> **THE RECORDS**
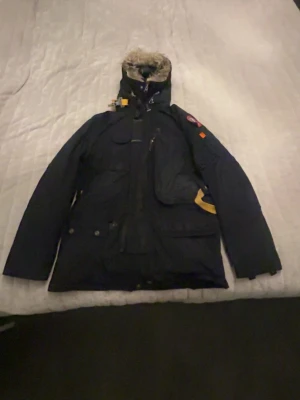 Mörkblå Parajumpers parkas med päls - Säljer en mörkblå parkas från Parajumpers med avtagbar huva och pälsdetalj. Jackan har flera fickor, gul detalj vid dragkedjan och klassisk Parajumpers-logga på ärmen. Perfekt för kalla dagar och riktigt snygg streetstil. Är i storlek xs men passar s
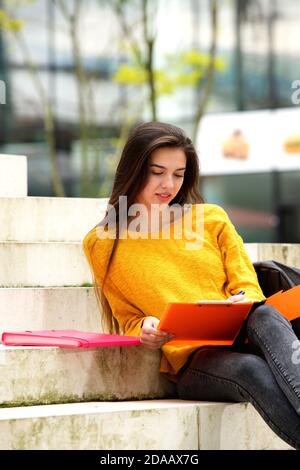 Portrait of attractive student sitting on steps studying Stock Photo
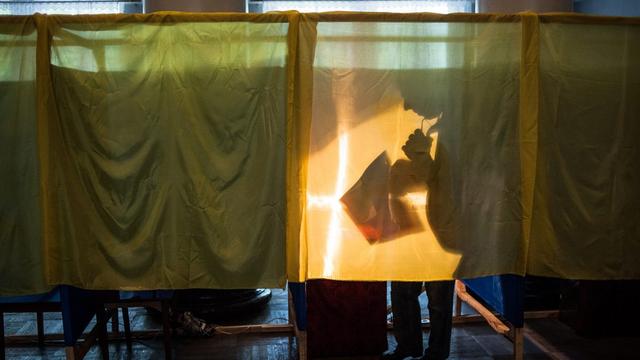 Un Ukrainien déposant son vote à Dobropillia, près de Donetsk. [Roman Pilipey - EPA]
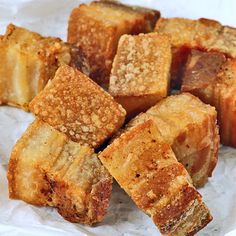 several pieces of bread sitting on top of wax paper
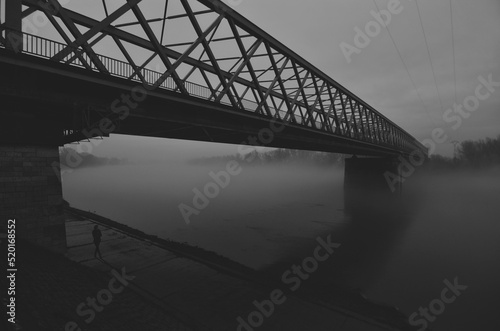 Silhouette of woman standing on the walkway under the bridge on a misty autumn night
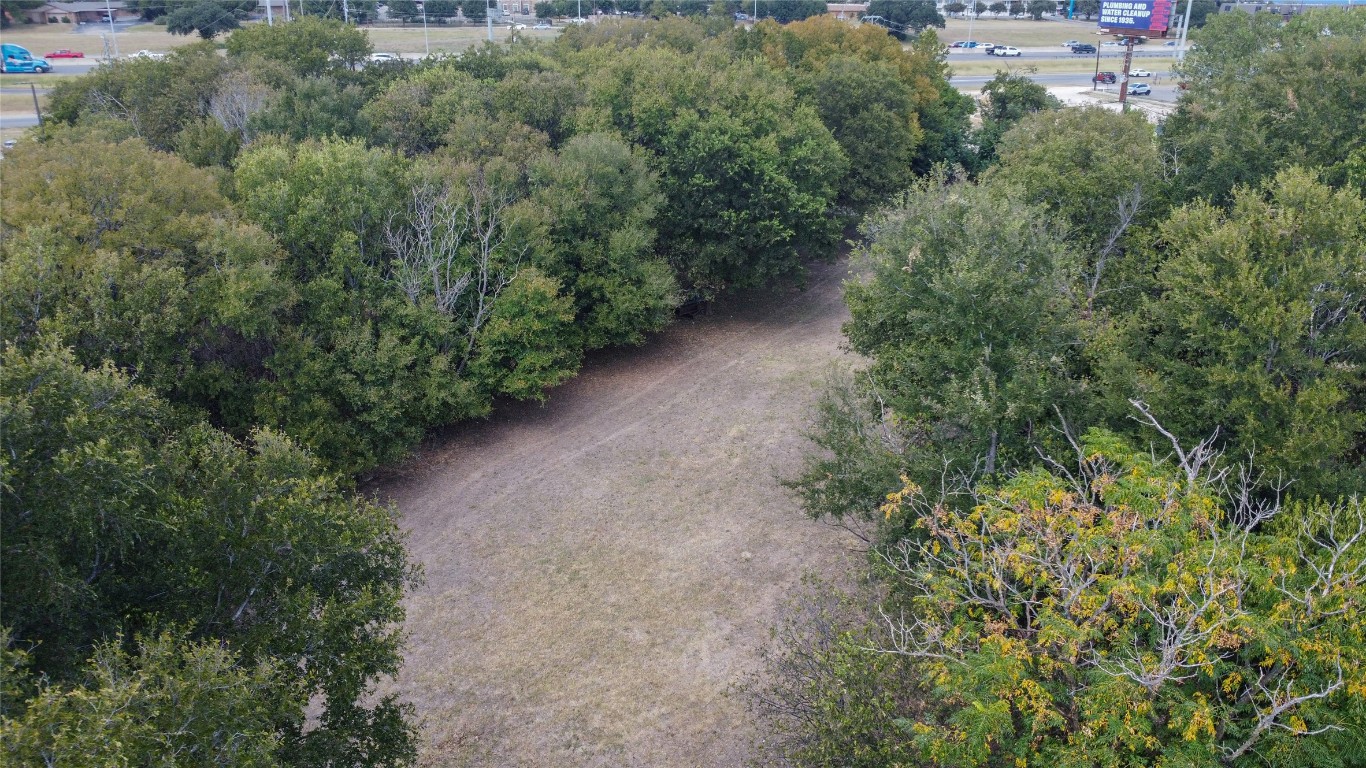 1322 North Interstate 35 San Marcos, TX 78666 - Photo 9 of 22 an aerial view of a house with a yard and greenery space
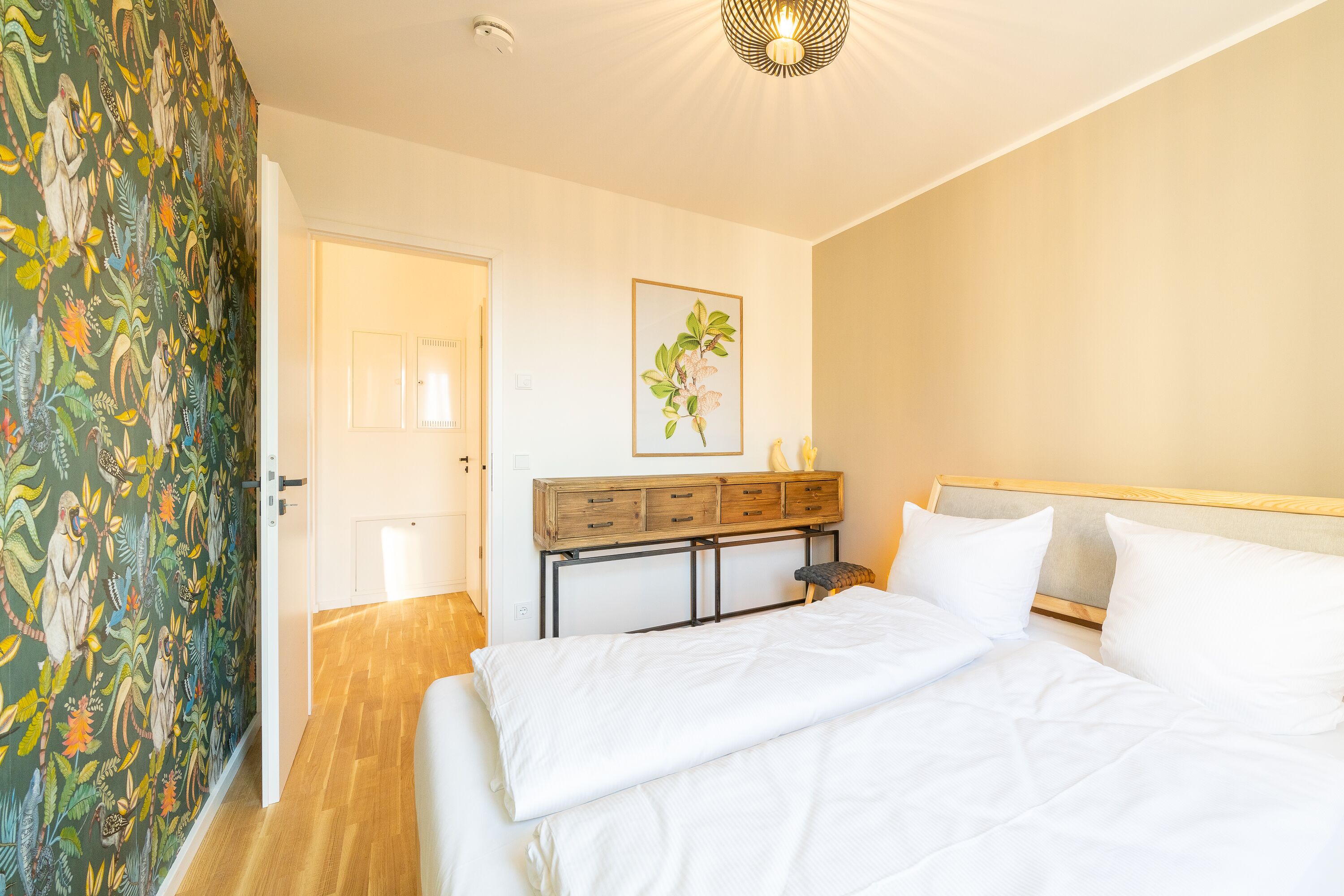 Een slaapkamer met een bed, een houten dressoir, een deur en een muur met een bloemenmotief.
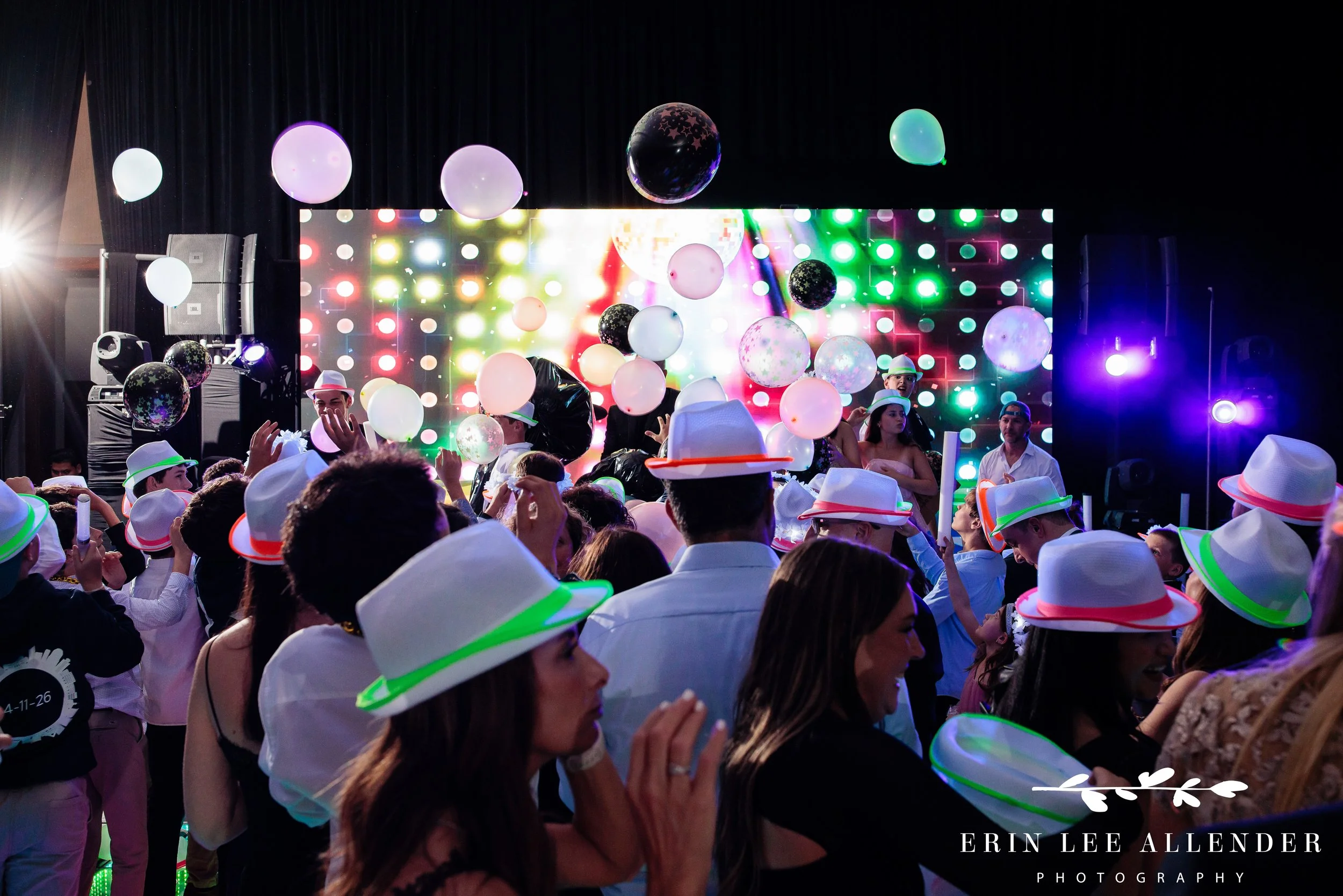 Balloons tossed in air during dance floor celebration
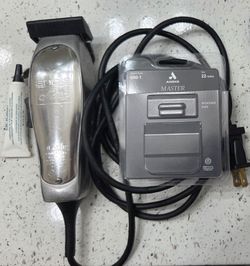 ANDIS MASTER CLIPPER WITH NEW BLADES
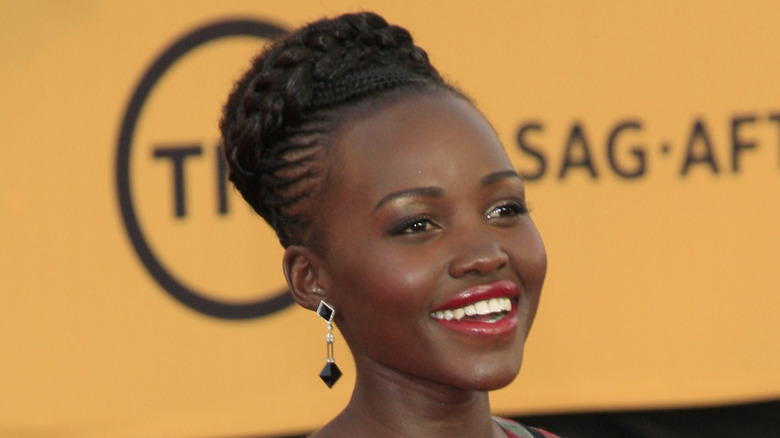 Lupita Nyong'o wearing red lipstick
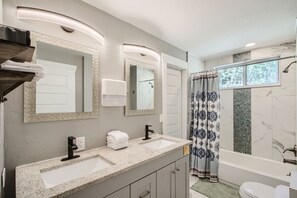 Features a dual sink vanity, large mirror, and soap dispenser.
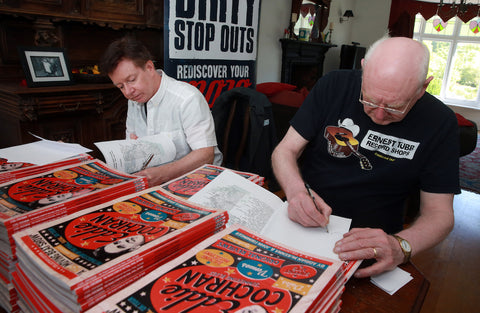 Adrian McKenna (left) and John Firminger sign copies of the book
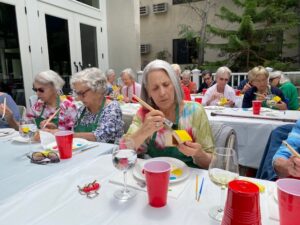 Seniors painting at a table outside while drinking wine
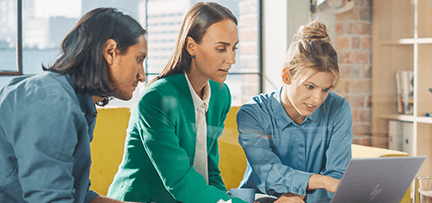 Man and two women look at laptop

> **WORK TO COMPLETE**
Pictures excluded, give again exactly and only the lines of the material above from the line with "Silhouette of woman" through the line with "Seniors painting at".

> **EXERCISE RESPONSE**
 Silhouette of woman standing on the walkway under the bridge on a misty autumn night
 1322 North Interstate 35 San Marcos, TX 78666 - Photo 9 of 22 an aerial view of a house with a yard and greenery space
 Een slaapkamer met een bed, een houten dressoir, een deur en een muur met een bloemenmotief.
 Balloons tossed in air during dance floor celebration
 ANDIS MASTER CLIPPER WITH NEW BLADES
 Lupita Nyong'o wearing red lipstick
 Features a dual sink vanity, large mirror, and soap dispenser.
 Adrian McKenna (left) and John Firminger sign copies of the book
 Seniors painting at a table outside while drinking wine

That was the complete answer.